MovieLens

Introduction

Today I am going to analyze the MovieLens data sets, which were collected by the GroupLens Research Project at the University of Minnesota through the MovieLens web site.This data set consists of 100,000 ratings from 943 users on 1682 movies, and was released in April 1998. Each user has rated at least 20 movies, and basic demographic information for the users are included in the data set.

The data set has three tables. The table ‘User’ includes basic demographic info such as age and gender; the table ‘Data’ includes ratings; and the table ‘Movies’ includes information for the movies. I merge the three tables together.

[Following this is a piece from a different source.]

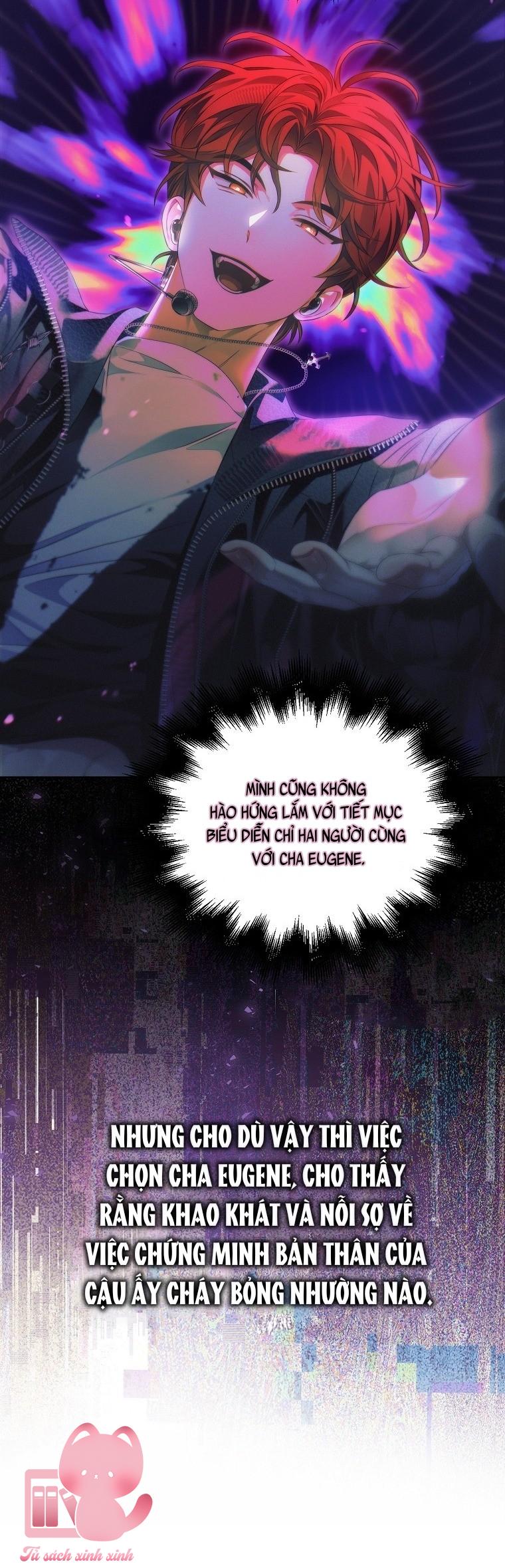 Debut Or Die - Chap 115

users <- read.table('ml-100k/u.user', sep='|')
colnames(users) <- c('user_id', 'age', 'sex', 'occupation', 'zip_code') #Assign column names
ratings <- read.table('ml-100k/u.data', sep='\t')
colnames(ratings) <- c('user_id', 'movie_id', 'rating', 'unix_timestamp')
movies <- fread('ml-100k/u.item', sep='|', select = c(1:5))
colnames(movies) <- c('movie_id', 'title', 'release_date', 'video_release_date', 'imdb_url')
movie_ratings = merge(movies, ratings, by="movie_id")
lens = merge(movie_ratings, users, by="user_id")

Distribution of Users’ Ages

Let’s take a look at the distribution of users’ ages.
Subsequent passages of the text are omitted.